Mobile developers have a huge scaling problem ahead: doing something useful with massive continuous streams of telemetry data from millions and millions of devices. This is a really good problem to have. It means smartphone sales are finally fulfilling their destiny: slaughtering PCs in the sales arena. And it also means mobile devices aren't just containers for simple standalone apps anymore, they are becoming the dominant interface to giant backend systems.

While developers are now rocking mobile development on the client side, their next challenge is how to code those tricky backend bits. A company facing those same exact problems right now is Medialets, a mobile rich media ad platform. What they do is help publishers create high quality interactive ads, though for our purposes their ad stuff isn't that interesting. What I did find really interesting about their system is how they are tackling the problem of defeating the mobile device data deluge.

Each day Medialets munches on billions of new objects embedded in a stream of terabytes of raw event data flowing in from millions of mobile devices. All that data must be: generated on the mobile device; transmitted over lossy connections punctuated by long periods of disconnection; crunched; made available to reporting systems; fed back into control systems that must be able to respond within milliseconds to requests.

This will become a common paradigm for systems featuring mobile devices. The question is, how you can make it happen?

Now that's interesting.

To help us understand more about how Medialets works, Joe Stein, Engineering Manager for Server Platforms at Medialets, was kind enough to talk to me about what they are doing. Joe also runs an excellent Hadoop podcast and blog called All Things Hadoop, check it out.

Joe has worked on this problem a lot and has some great ideas on how to build an effective mobile data cruncher using tools like Hadoop, MySQL, HBase, Cassandra, Ruby, Python, and Java...

Site

What is Medialets?

Medialets delivers rich media advertising to mobile devices like the iPhone, iPad, and Android. Rich media means advertisements can be complex applications that embed, using a SDK, event generation and advertising functionality.

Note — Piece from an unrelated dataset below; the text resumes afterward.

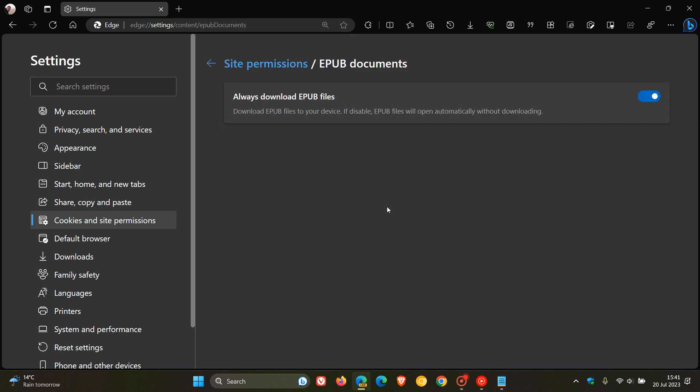If you click on that, this will be off by default if you haven't run this flag before. It says always download EPUB files. It says download EPUB files to your device. If this is disabled, like it is by default, EPUB files will open automatically without downloading. So if you've got that toggled on, the EPUB files will be downloaded to your device.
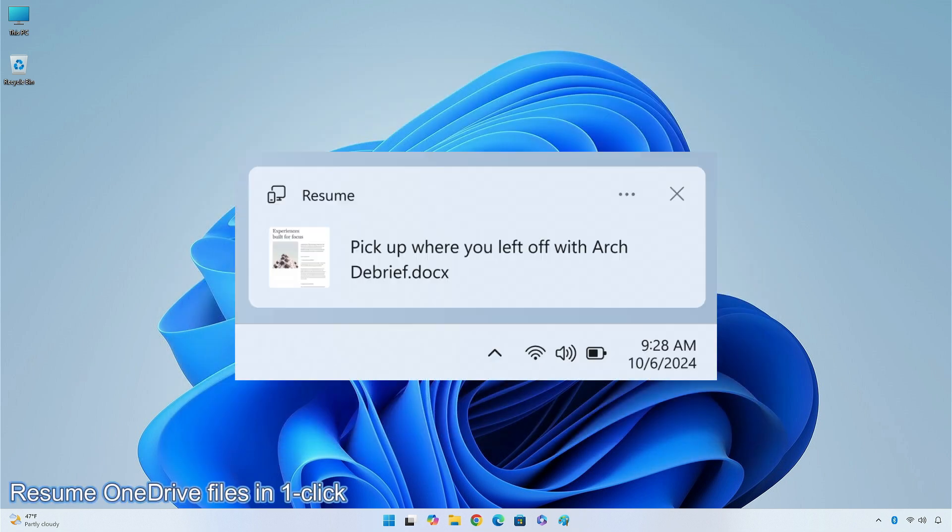Microsoft is gradually rolling out the ability to seamlessly resume working on OneDrive files from your phone on your Windows 11 PC with a single click. With this feature, you will get a notification asking you if you want to pick up where you left off editing a OneDrive file, like a Word document that you last viewed or edited on your phone, within a 5-minute time window preceding unlocking your PC.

The idea is that ads run inside the platform and instead of being lame adsense type ads, these can be fully interactive while providing the same brand quality they have on TV, except it's on the mobile device. Applications can have you do things like shake the device or play a little football game with Michael Strahan. All this activity generates data that must be streamed back to their server farm for processing.

In addition to advertising they also provide very elaborate app based analytics for their publishers.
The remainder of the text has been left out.